To be fair, this is addressed in the article which links to Netflix's blog on the topic and how they do so effectively at their scale: https://netflixtechblog.com/lessons-from-building-observabil...

msolujic5y ago

Agreed for most what was said there. Still, I find that people mostly use SLA as only thing important to track for alerting and incidents arousal. There is a lot of said about importance of defining solid SLI - Service Level Indicators which are aligned to SLO - Service Level Objectives SLAs are usually given to external user of SaaS, not very useful for SRE team.

chasers5y ago

> Processing/streaming logs to get metrics is a terrible waste of time, energy and money.

Only if you're using Elastic.

rob-olmos5y ago

I was going to try out Elastic APM for self-hosted APM option. Would that be the same case of a waste of time, energy, money? TIA for any insights!

say_it_as_it_is5y ago

The difference in metrics seems to be proportional to the level of understanding about how the organization works.

dionian5y ago

sometimes log volume would be too high (high TX count)
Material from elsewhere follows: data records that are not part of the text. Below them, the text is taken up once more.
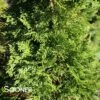 EMERALD GREEN ARBORVITAE 1 EMERALD GREEN ARBORVITAE -SOONER PLANT FARM Sales DETA 417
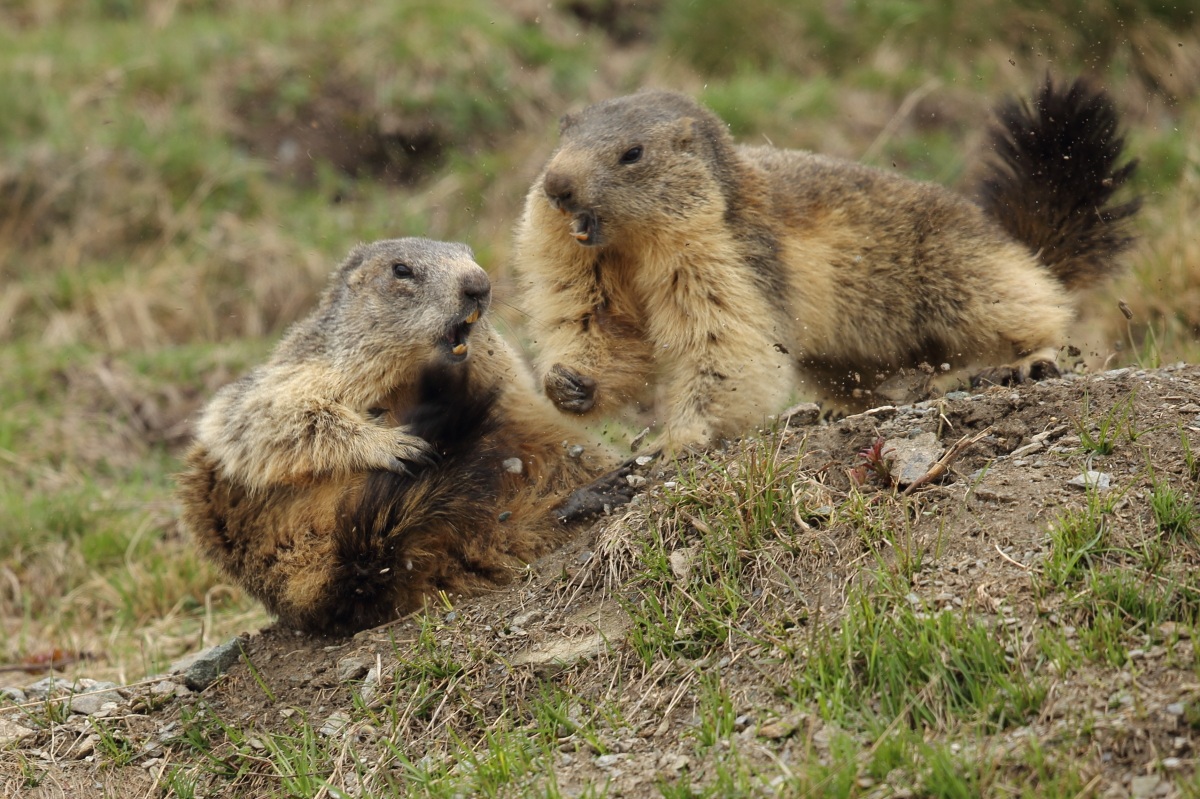 Fight between marmots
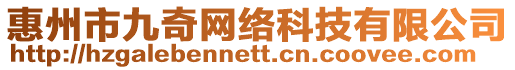 惠州市九奇網絡科技有限公司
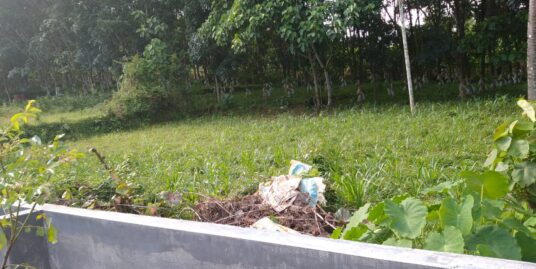 12 cent land for sale in Chalakudy near kormola church.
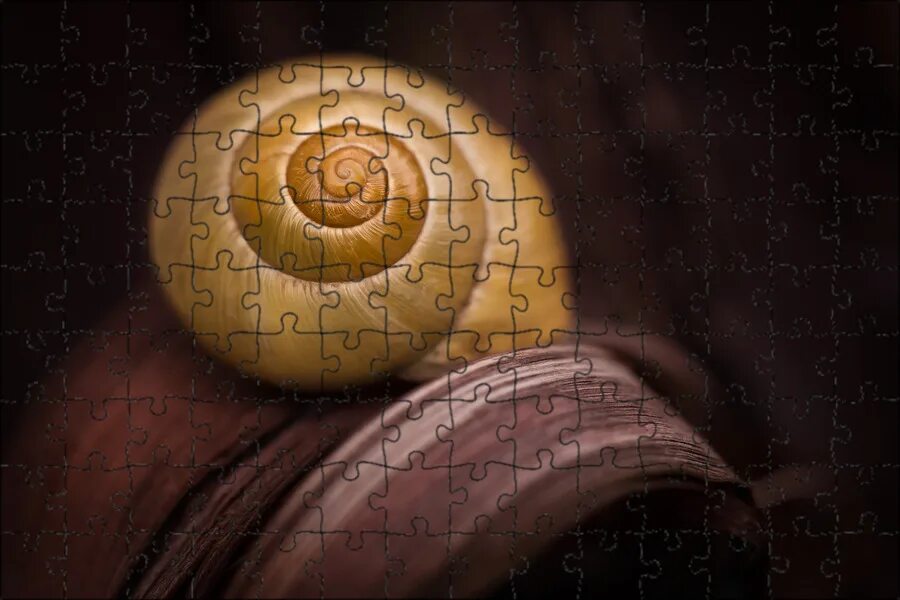 Snail shell
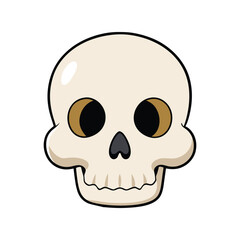 human skull vector illustration. anatomical design, stylized bone structure, and detailed human skul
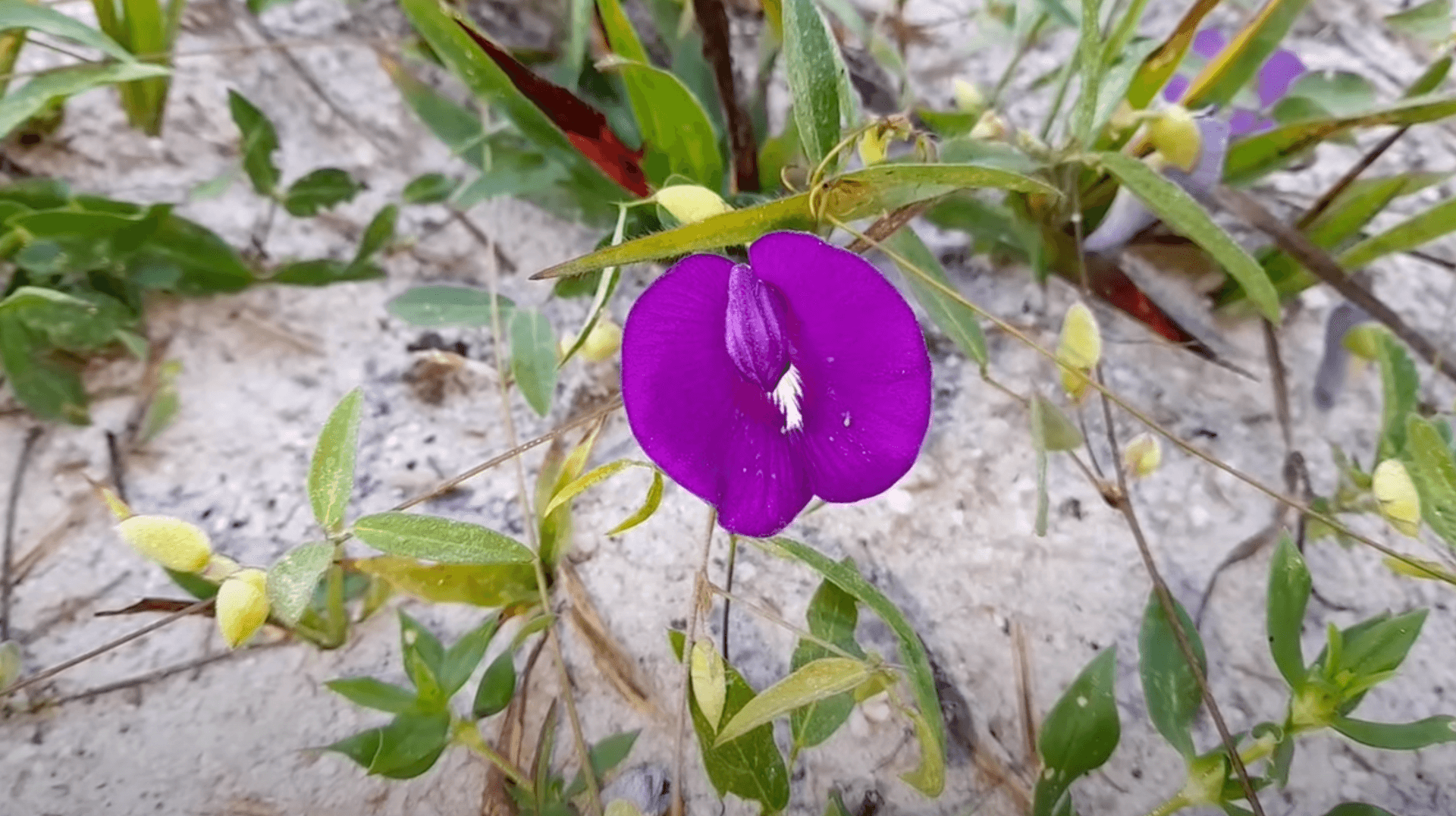 A Flor Corante Mágica e Sagrada da Caatinga Nordestina: Passo a Passo para um Chá Colorido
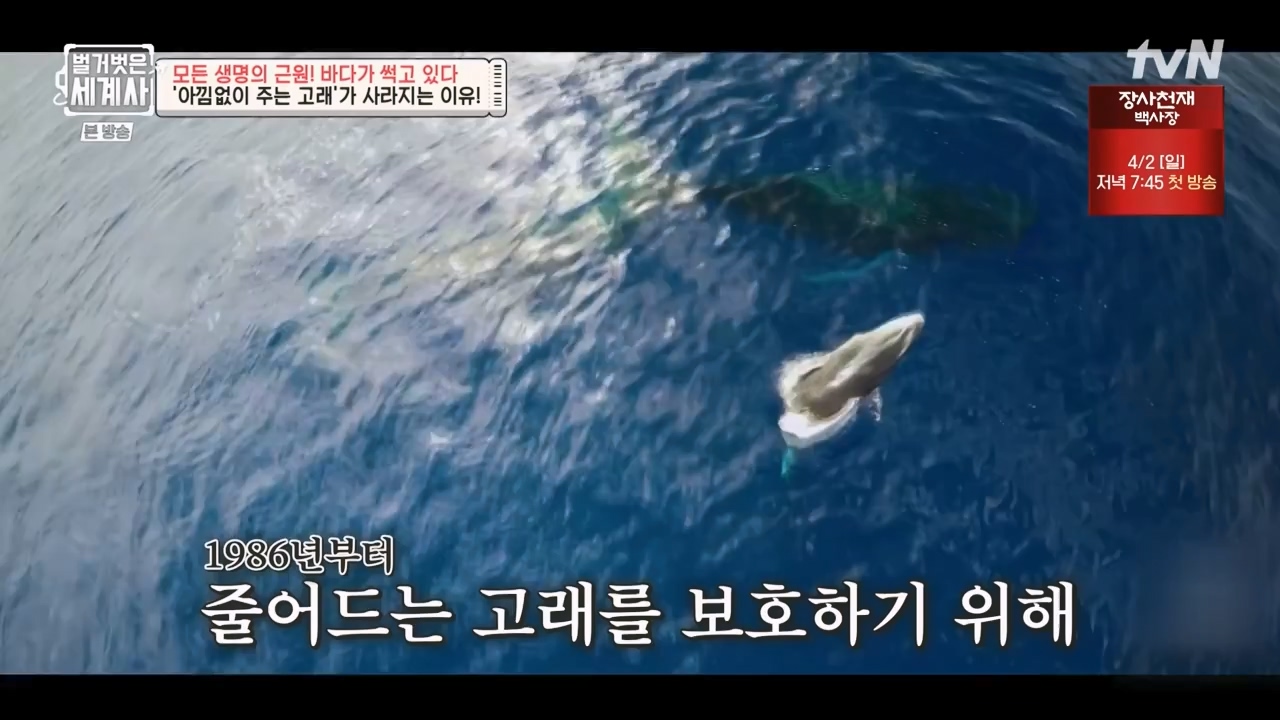 벌거벗은 세계사.E90.230315p-NEXT.mp4_20230419_212557.987.jpg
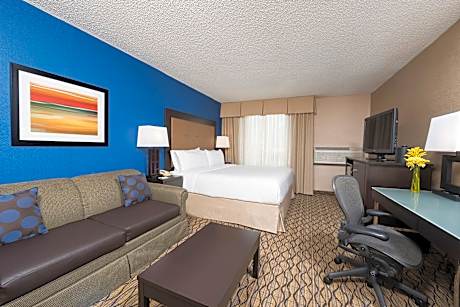 1 King Standard Sofa Bed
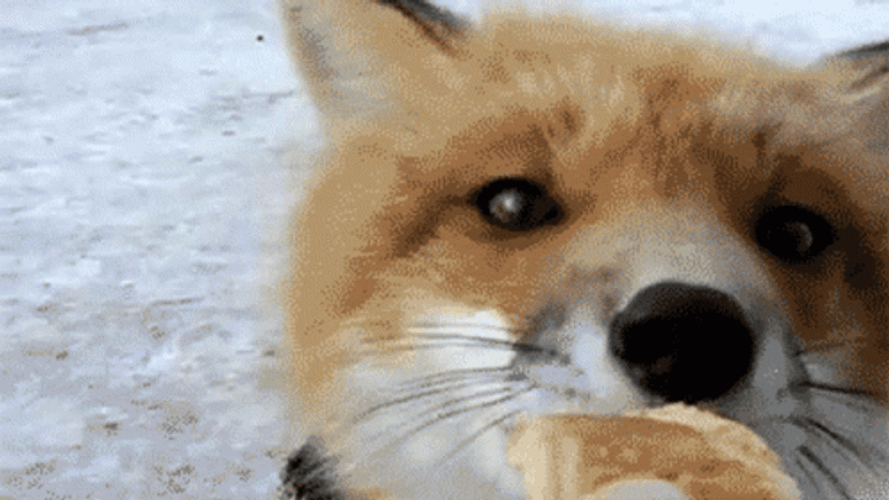Cute Fox Biting Food Close Up Look GIF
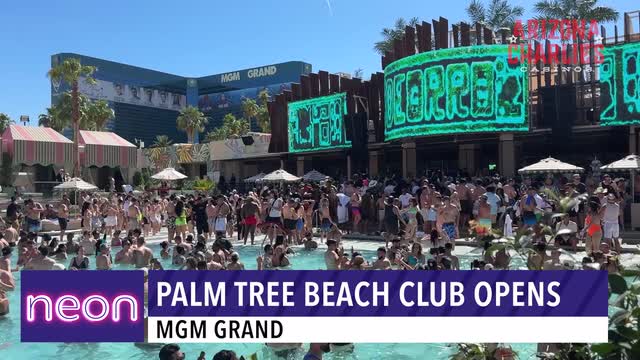 LVRJ Entertainment 7@7 | Palm Tree Beach Club Opens at MGM Grand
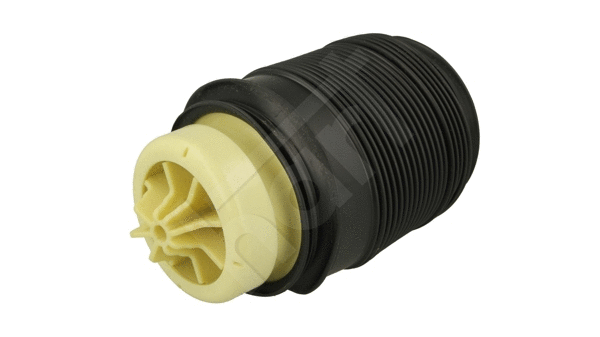 Air Spring, suspension (813 019)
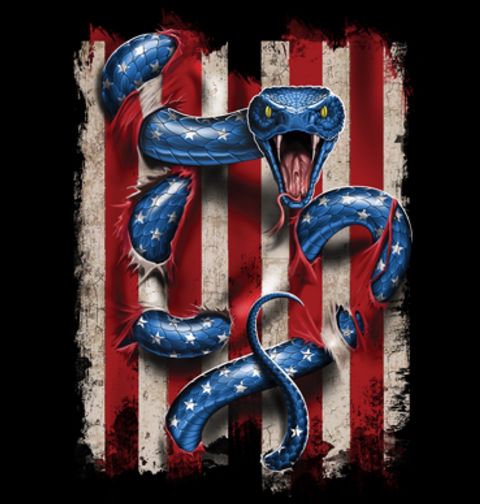 Obrázek produktu Pánské tričko Americký Had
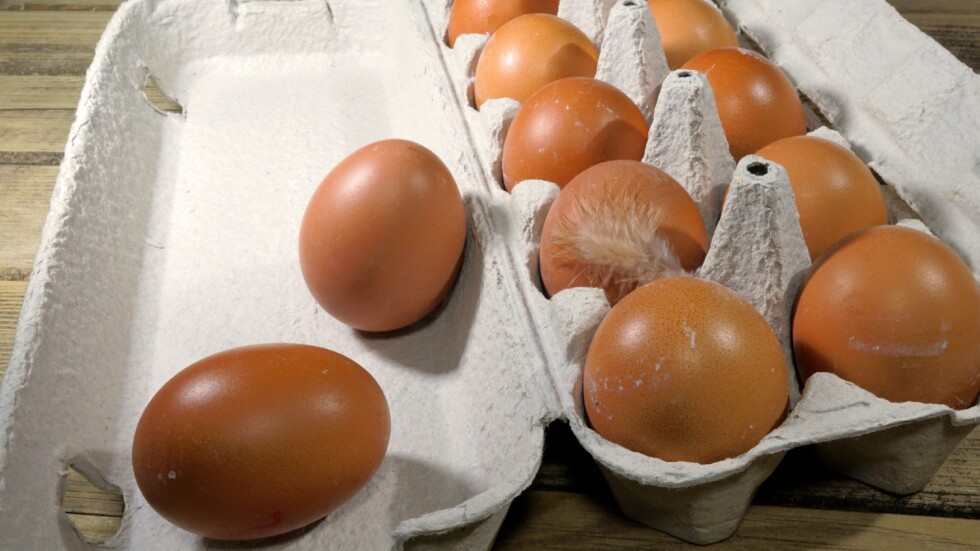 БАБХ за яйцата с фипронил: Няма място за паника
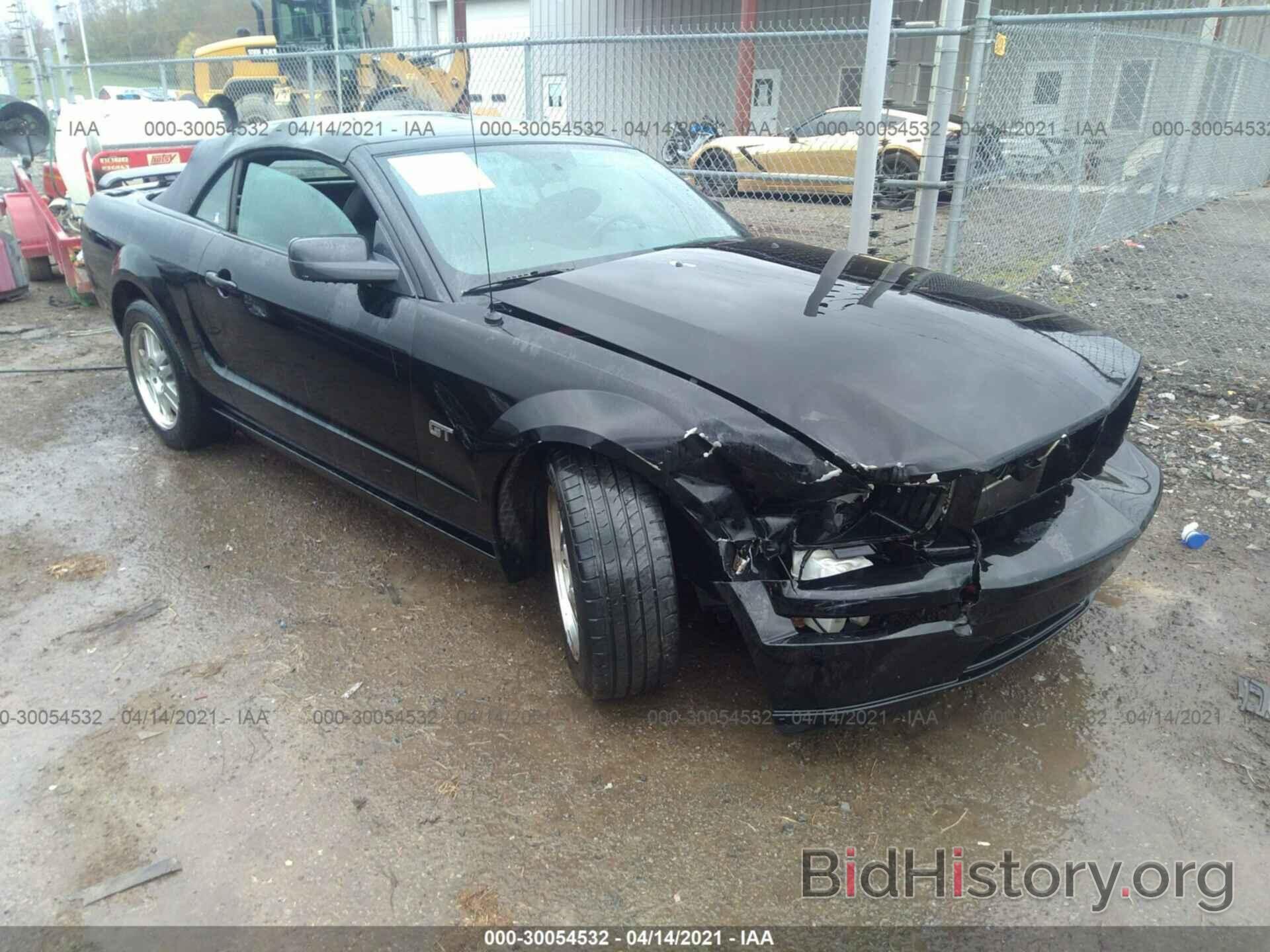 Photo 1ZVFT85H765121163 - FORD MUSTANG 2006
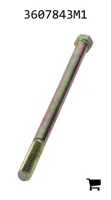 AGCO 3607843M1 Болт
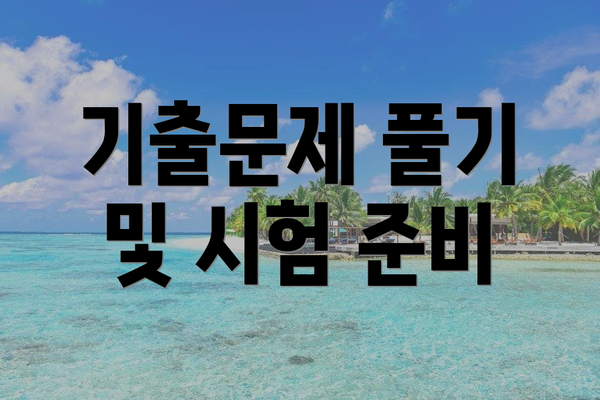 기출문제 풀기 및 시험 준비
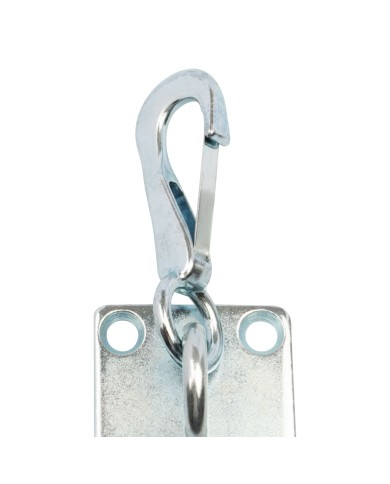 SPRING SNAP HOOK ON WALL PLATE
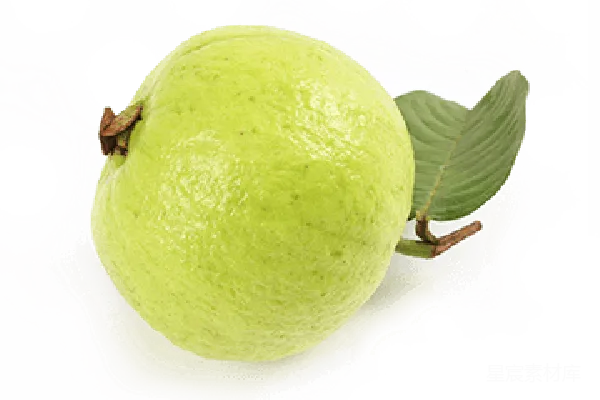 元素素材 谷歌 Guava 菜单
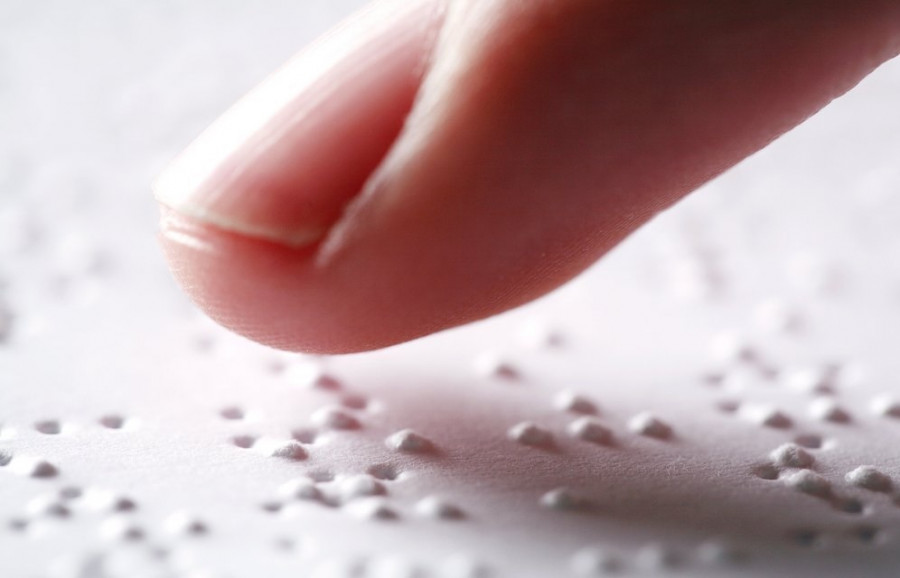 Braille medicamentos veterinarios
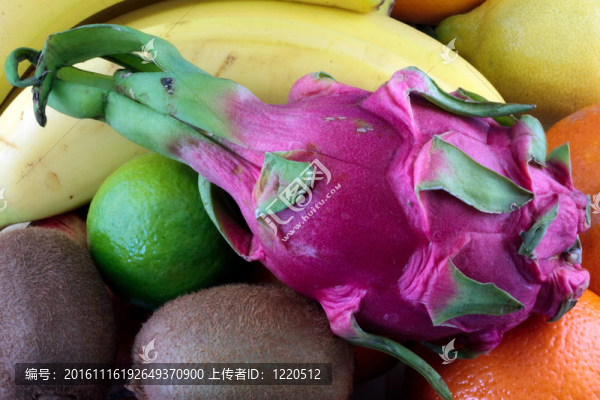 不同食用水果混合泳準(zhǔn)備吃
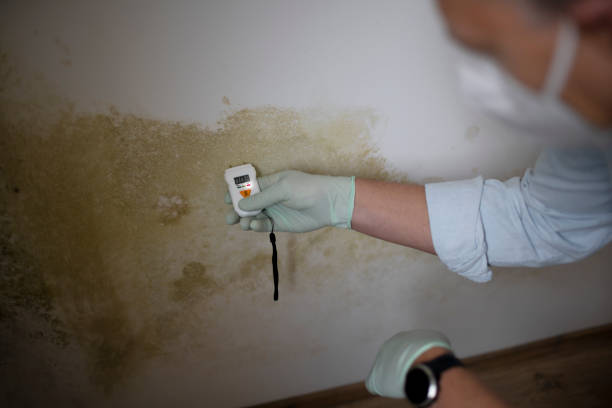 Best Residential Mold Removal  in Notre Dame, IN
although in most of the systems in my career it has not been the case.

buro95y ago· 15 in thread

A lot of excellent information in that blog post and linked from it... but if you're wondering where to start:

1. Write good logs... not too noisy when everything is running well, meaningful enough to let you know the key state or branch of code when things deviate from the good path. Don't worry about structured vs unstructured too much, just ensure you include a timestamp, file, log level, func name (or line number), and that the message will help you debug.

2. Instrument metrics using Prometheus, there are libraries that make this easy: https://prometheus.io/docs/instrumenting/clientlibs/ . Counts get you started, but you probably want to think in aggregation and to ask about the rate of things and percentiles. Use histograms for this https://prometheus.io/docs/practices/histograms/ . Use labels to create a more complex picture, i.e. A histogram of HTTP request times with a label of HTTP method means you can see all reqs, just the POST, or maybe the HEAD, GET together, etc... and then create rates over time, percentiles, etc. Do think about cardinality of label values, HTTP methods is good, but request identifiers are bad in high traffic environments... labels should group not identify.

Start with those things, tracing follows good logging and metrics as it takes a little more effort to instrument an entire system whereas logging and metrics are valuable even when only small parts of a system are instrumented.

Once you've instrumented... Grafana Cloud offers a hosted Grafana, Prometheus metrics scraping and storage, and Log tailing and storage (via Loki) https://grafana.com/products/cloud/ so you can see the results of your work immediately.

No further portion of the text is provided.